**Task:**
Exclude the pictures, then copy word for word the lines running from the beginning of the records through the line with "I'm going to be using this beauty".

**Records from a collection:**

━━━━━━━━

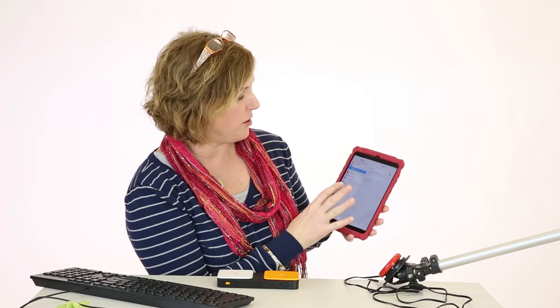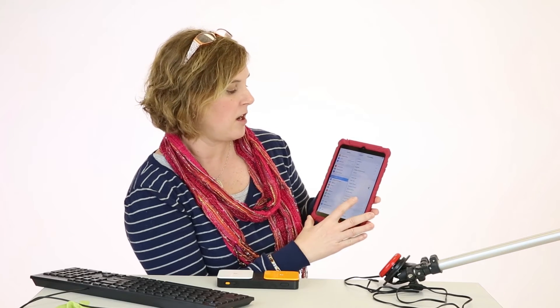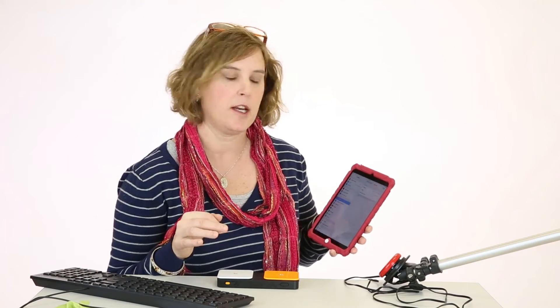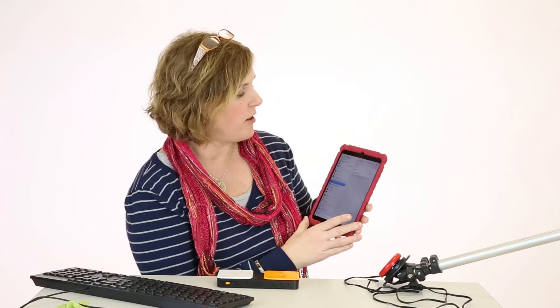The next thing we want to learn how to do is name our switch. Still in settings, you go down to General, then click on Accessibility, then click on Switch Control, and then Switches. It'll be the external component. I've already gone ahead and named them orange and white accordingly. The orange one gave me several options — I chose 'Move to Next Item' — and then I named the white switch 'Select Item.'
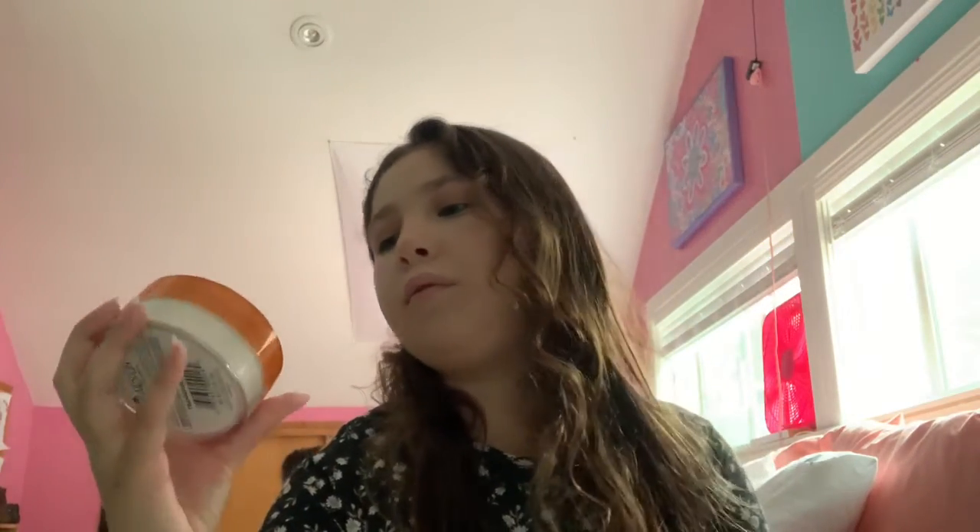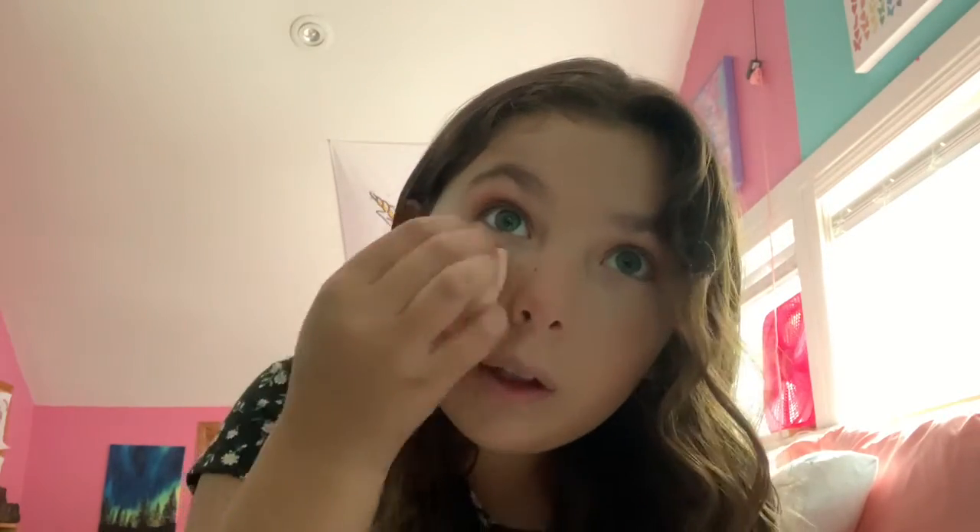I'm going to be using this beauty blender that is like velvet — it's very soft. And then I'm going to be using this Airspin loose face powder. I love this stuff, I use it every day. I don't bake; I just kind of wipe it on. I'll just put a little on and let it sit while I'm doing my bronzer and stuff. I put it everywhere where I put my concealer.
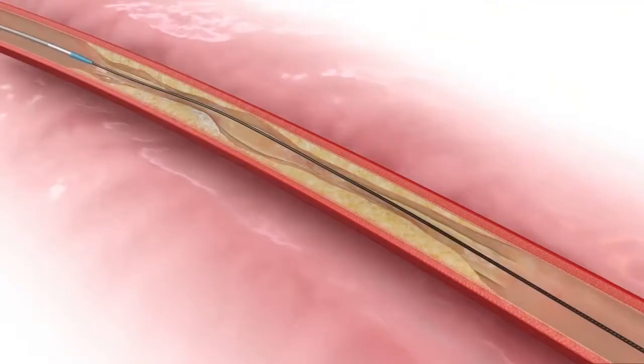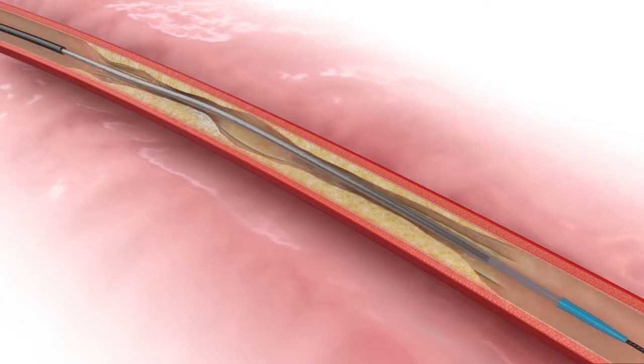Following completion of the Flex passes, the operator performs balloon angioplasty with the balloon of choice.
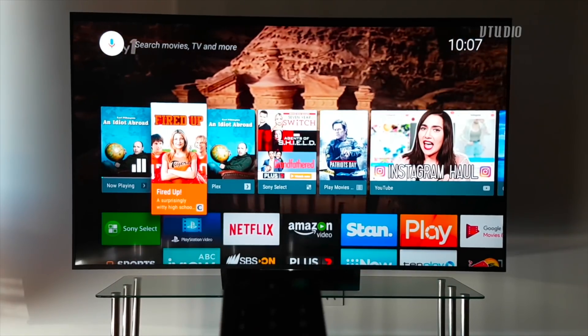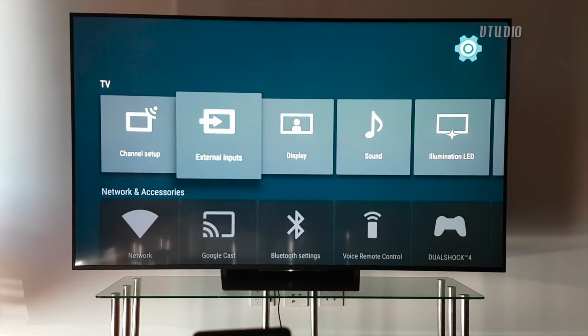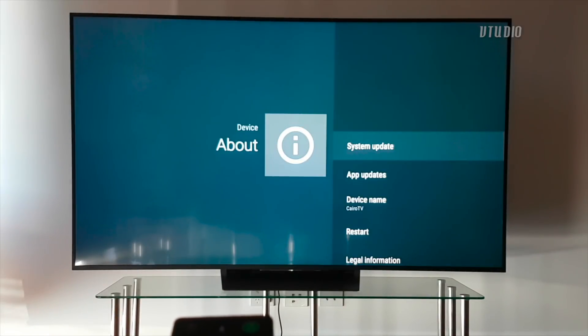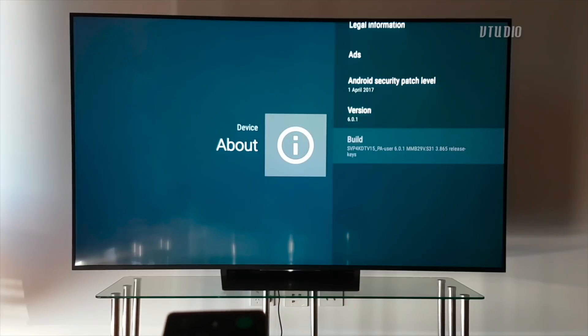Developer mode is going to unlock some performance boosts. It's locked and hidden by default. To unlock it, go to Settings > About, scroll down to Build, and press OK eight times until you're notified that you're now a developer. You don't need a computer science degree — just tap eight times.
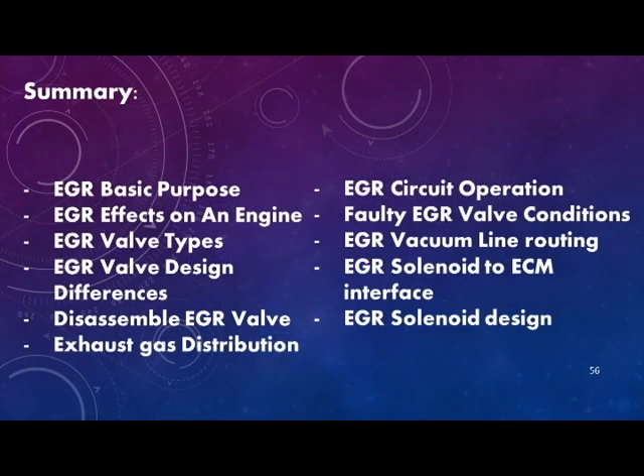Check out this list of topics that were discussed in this video. I hope they help you better understand how the tune port injected engine exhaust gas recirculation system works. Thanks for watching.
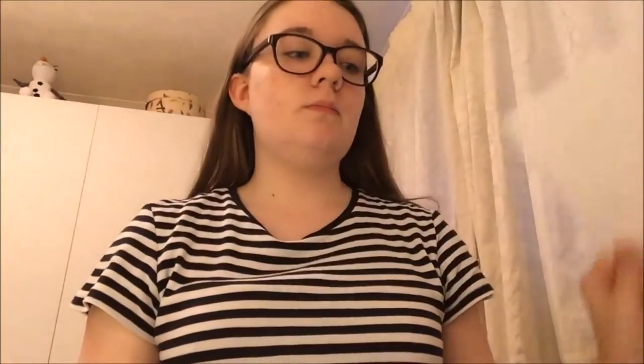When you go to Disney, you leave tips because it's in America, so a lot of things are based on tips. This is filmed on my phone because my voiceover wouldn't work. You're going to need a Mickey Mouse template from the internet.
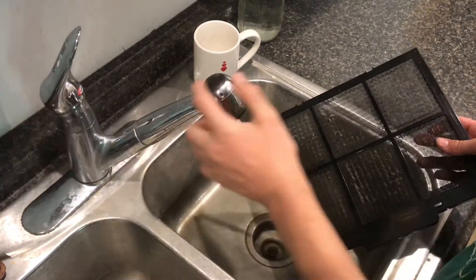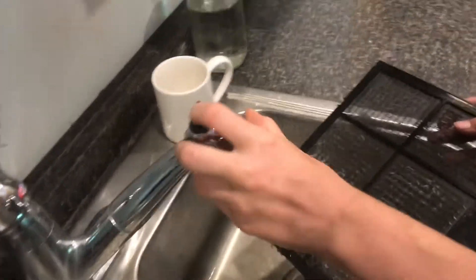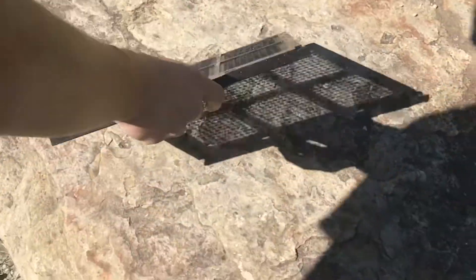Rinse out the screen, give it a few good shakes, and then set it out in the sun to let it dry.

━━━━━━━━

**Result for this task:**
The next thing we want to learn how to do is name our switch. Still in settings, you go down to General, then click on Accessibility, then click on Switch Control, and then Switches. It'll be the external component. I've already gone ahead and named them orange and white accordingly. The orange one gave me several options — I chose 'Move to Next Item' — and then I named the white switch 'Select Item.'
I'm going to be using this beauty blender that is like velvet — it's very soft. And then I'm going to be using this Airspin loose face powder. I love this stuff, I use it every day. I don't bake; I just kind of wipe it on. I'll just put a little on and let it sit while I'm doing my bronzer and stuff. I put it everywhere where I put my concealer.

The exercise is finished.